Everywhere else in the company, an AI pilot can reach production in weeks. For our member-facing

clinical assistant, it can't, and that single constraint redesigned our entire architecture. This is

a field report on building conversational AI in a regulated digital health setting, where "move fast

and break things" isn't a culture choice. It's a liability. We'll get concrete about what changes

when every output has to be clinically safe, auditable, and compliant: PHI is protected by

architecture, not policy. Production and non-production are hard-isolated, dashboards are sanitized,

and engineers outside the US never touch protected health information. Must-not-fail behavior never

lives in a prompt. Emergency escalation and intent routing run as deterministic rules at the top of

every conversation turn, before the model is consulted. If you can't afford to get something wrong,

you don't leave it to a probabilistic system. Clinical safety is a continuous eval layer. ~30 LLM-

as-judge evaluators score clinical accuracy, clinical safety, escalation routing, and recommendation

relevance, continuously, not once. Every output is auditable. Each turn, tool call, and reasoning

step is traced so outputs can be reviewed and meet regulated reporting obligations.

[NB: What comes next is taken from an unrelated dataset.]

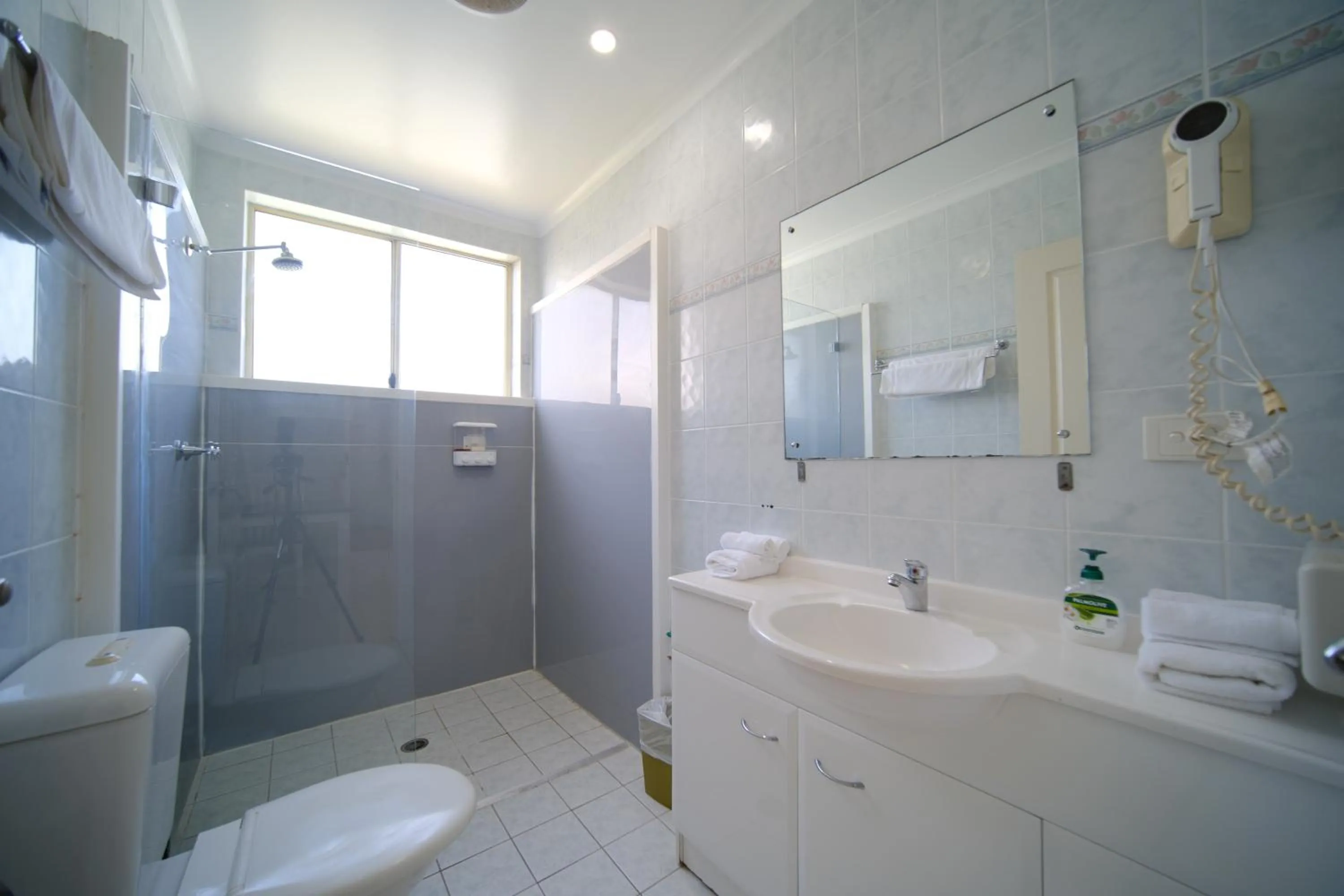 Shower in Golf Place Inn Wollongong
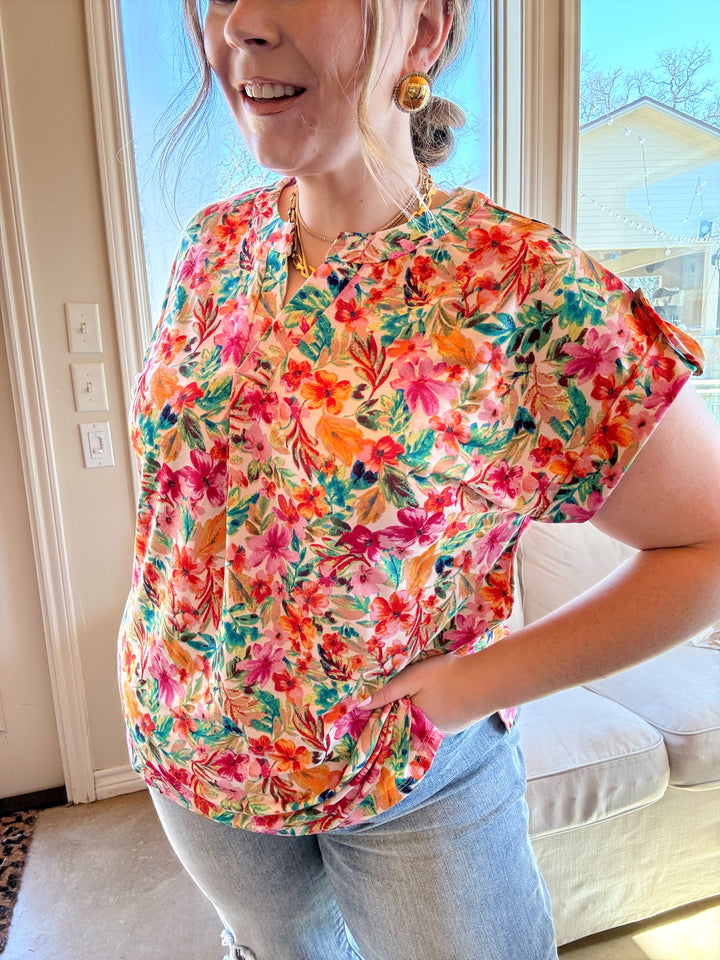Downtown Darling Floral Print Short Sleeve Tunic Top in Pink Mix - Giddy Up Glamour Boutique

The throughline:

in regulated healthcare, compliance constraints aren't a tax you pay around the architecture. They

become the architecture. We'll talk about why guardrails-first is the only way to ship member-facing

health AI, and why "painfully slow" is sometimes exactly right. (This is non-diagnostic, member-

facing AI. The talk is about engineering discipline under regulation, not medical claims.) Key

takeaways - In regulated health AI, "move fast" is the wrong default. Design for deliberate, careful

launches. - Must-not-fail behaviors belong in deterministic rules at the top of every turn, never in

the prompt. - Protect PHI through architecture: isolate prod from non-prod, sanitize dashboards,

restrict access by role and geography. - Make every output auditable. Trace each turn, tool call,

and reasoning step so safety is reviewable, not assumed. - Treat clinical safety as a continuous

LLM-as-judge layer, not a one-time gate.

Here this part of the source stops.